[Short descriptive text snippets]
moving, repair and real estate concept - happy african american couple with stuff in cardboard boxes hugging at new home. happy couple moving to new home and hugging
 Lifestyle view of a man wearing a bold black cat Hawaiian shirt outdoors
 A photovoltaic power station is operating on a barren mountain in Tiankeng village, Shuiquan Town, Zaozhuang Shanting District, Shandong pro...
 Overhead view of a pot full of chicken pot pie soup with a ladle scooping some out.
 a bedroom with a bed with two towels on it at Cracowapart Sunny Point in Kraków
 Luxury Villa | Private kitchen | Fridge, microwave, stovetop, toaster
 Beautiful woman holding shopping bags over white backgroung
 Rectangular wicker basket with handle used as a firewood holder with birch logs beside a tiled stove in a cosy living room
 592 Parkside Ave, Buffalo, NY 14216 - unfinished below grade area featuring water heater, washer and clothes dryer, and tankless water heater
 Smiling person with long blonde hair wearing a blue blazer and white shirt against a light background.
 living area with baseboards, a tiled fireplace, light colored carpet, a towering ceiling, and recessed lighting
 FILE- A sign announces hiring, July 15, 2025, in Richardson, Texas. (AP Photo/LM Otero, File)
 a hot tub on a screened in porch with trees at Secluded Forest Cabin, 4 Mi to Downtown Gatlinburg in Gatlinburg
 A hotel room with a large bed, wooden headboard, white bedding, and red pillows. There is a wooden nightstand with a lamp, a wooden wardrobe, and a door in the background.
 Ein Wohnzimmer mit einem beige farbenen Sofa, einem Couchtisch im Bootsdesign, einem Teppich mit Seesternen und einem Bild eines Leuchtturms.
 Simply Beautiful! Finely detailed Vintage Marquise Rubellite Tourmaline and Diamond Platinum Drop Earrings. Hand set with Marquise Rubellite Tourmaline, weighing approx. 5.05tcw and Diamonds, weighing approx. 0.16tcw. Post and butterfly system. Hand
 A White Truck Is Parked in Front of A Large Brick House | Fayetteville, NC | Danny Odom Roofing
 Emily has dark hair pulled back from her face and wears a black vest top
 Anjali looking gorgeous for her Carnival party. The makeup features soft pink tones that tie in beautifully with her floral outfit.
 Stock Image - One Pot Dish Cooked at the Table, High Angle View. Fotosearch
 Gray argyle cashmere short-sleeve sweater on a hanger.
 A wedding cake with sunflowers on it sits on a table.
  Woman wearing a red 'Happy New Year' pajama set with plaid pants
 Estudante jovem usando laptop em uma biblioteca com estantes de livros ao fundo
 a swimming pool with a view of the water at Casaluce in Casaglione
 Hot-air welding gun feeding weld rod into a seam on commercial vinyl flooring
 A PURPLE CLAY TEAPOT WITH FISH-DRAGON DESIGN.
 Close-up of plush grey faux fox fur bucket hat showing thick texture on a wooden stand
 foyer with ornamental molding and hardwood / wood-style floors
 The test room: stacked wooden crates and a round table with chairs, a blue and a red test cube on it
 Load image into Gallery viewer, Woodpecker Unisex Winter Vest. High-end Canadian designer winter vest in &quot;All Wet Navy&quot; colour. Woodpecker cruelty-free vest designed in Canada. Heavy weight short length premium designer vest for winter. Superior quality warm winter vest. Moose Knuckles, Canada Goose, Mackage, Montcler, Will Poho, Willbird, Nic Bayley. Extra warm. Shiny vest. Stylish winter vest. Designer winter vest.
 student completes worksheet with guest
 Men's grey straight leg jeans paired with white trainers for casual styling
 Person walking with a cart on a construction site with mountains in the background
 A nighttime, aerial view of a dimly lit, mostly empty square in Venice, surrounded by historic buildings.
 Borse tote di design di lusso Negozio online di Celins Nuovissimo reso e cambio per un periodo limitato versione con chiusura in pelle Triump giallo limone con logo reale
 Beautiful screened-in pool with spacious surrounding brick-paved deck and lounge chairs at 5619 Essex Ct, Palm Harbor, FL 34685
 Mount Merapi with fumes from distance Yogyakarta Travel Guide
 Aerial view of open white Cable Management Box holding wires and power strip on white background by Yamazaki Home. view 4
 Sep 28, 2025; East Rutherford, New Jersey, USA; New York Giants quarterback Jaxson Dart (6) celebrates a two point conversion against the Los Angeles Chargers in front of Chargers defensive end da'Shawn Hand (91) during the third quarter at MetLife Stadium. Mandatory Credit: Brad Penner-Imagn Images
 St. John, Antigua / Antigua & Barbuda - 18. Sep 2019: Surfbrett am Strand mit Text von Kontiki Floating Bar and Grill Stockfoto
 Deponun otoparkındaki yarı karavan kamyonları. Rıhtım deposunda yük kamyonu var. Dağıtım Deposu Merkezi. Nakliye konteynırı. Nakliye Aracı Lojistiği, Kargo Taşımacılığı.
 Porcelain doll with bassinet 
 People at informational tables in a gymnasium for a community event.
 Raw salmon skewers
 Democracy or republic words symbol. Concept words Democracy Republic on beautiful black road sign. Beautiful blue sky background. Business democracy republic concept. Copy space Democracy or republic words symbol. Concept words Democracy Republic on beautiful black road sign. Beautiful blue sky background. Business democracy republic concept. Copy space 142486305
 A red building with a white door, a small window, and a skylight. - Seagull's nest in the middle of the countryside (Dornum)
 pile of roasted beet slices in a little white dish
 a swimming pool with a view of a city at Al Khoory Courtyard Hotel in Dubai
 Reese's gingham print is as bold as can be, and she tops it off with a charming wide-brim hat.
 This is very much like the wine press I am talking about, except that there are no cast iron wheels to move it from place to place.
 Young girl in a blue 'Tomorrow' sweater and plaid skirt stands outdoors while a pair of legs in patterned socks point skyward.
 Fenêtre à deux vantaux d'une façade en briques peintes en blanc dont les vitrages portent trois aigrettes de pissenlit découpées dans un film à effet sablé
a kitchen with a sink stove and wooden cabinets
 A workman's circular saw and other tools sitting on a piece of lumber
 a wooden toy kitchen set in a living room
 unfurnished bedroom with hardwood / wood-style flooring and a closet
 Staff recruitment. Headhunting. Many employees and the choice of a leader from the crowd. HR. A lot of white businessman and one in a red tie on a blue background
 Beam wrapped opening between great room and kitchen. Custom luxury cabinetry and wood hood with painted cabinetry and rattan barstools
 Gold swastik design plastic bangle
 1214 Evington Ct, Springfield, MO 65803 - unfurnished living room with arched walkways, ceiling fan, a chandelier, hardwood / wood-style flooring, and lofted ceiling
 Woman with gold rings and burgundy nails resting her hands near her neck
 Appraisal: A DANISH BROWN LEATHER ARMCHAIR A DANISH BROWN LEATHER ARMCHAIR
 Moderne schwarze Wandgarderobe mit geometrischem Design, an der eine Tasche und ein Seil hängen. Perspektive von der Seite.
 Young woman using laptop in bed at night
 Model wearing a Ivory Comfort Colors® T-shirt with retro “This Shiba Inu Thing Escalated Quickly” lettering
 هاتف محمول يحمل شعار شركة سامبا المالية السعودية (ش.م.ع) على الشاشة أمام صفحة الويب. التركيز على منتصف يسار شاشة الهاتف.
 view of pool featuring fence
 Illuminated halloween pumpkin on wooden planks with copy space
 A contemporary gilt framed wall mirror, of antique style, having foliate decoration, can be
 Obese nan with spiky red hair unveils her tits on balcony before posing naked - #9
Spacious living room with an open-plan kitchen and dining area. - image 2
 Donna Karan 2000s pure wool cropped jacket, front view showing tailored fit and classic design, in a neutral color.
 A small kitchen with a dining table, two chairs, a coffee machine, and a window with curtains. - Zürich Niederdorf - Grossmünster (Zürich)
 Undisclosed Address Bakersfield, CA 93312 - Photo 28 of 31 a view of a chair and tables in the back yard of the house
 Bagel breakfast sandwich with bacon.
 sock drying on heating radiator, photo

ACTIVITY: Please return every line in the data that includes the string "water".

EXPECTED ANSWER:
 592 Parkside Ave, Buffalo, NY 14216 - unfinished below grade area featuring water heater, washer and clothes dryer, and tankless water heater
 a swimming pool with a view of the water at Casaluce in Casaglione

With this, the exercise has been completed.